Starting at the Willis Gulch TH (9,280-ft), cross the Lake Fork River on a very nice bridge and continue on past some beaver ponds on your left. Follow the easy trail as it gradually ascends east up through some beautiful strands of aspens. At this point you are at the base of the Northeast ridge Route of Rinker Peak.
Here comes the tricky part, locating the correct spot to leave the trail to start your steep ascent up the northeast ridge. When looking at the topo map in Roach’s thirteener book on page 120, about a half mile from the TH, locate a small stream that descends from a tiny flat spot (meadow). The words “Lake Chaffe” appear below this meadow. That meadow is the objective and if you hike up this small drainage you won’t have any issues locating the meadow at 10,400-ft. When you leave the Willis Gulch Trail, you can expect a semi steep easy bushwhack. The trees are far enough apart which makes for easy going.

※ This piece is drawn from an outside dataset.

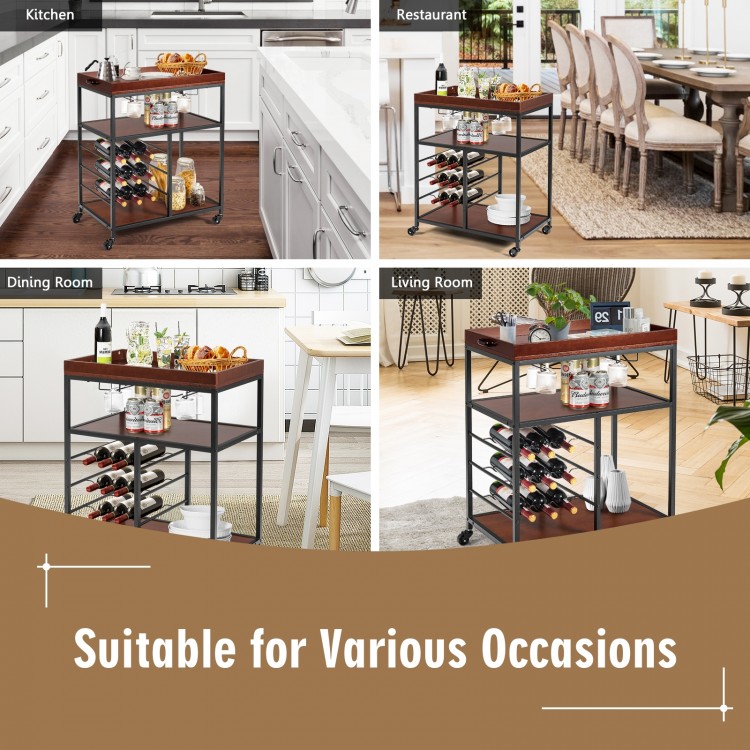 Three-tier serving cart with wine rack and glass holders, designed for versatile use in kitchens and dining areas.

I also found numerous game trails that aided my progress.
At 10,400-ft you will get to this meadow, which in my opinion is one of the most intimate places I have ever been, I bet nobody comes up here which might make for a nice place to take my wife one of these days! Once at the meadow, turn right and start your ascent of the northeast ridge. This section of the hike is really nice, again, off-trail hiking through well spaced aspen trees with the aid of game trails, very steep but not too difficult at all. The lower ramparts of the northeast ridge is free of trees and consists of large talus, so I decided to keep on traversing up through the trees on nice footing until I absolutely had to attain the ridge crest and start hiking on talus.
Once on the ridge crest you get this view of the Lake fork River and hwy 82. The rest of the route is obvious from here. Just follow this long narrowing ridge to the top of your first false summit. From here, drop about 150-ft and continue another quarter mile up to the lower of two highpoints of Twin Peaks at 13,270, the hiking here is tough class 2. From this summit drop close to 200-ft and start back up the steep ridge to the summit of the higher of the Twin Peaks at 13,370-ft. Trying to bypass these summits is possible but by only 20 or 30-ft for the slope is too loose and steep here. There are a few escape routes down to the Willis Gulch area if a storm is brewing, I know because I used one of them. The only problem is that it is a 2000-ft drop. Yikes, watch your knees. From the top of the second Twin Peak drop another 150-ft and start your final ascent up to Rinker’s summit, class 2.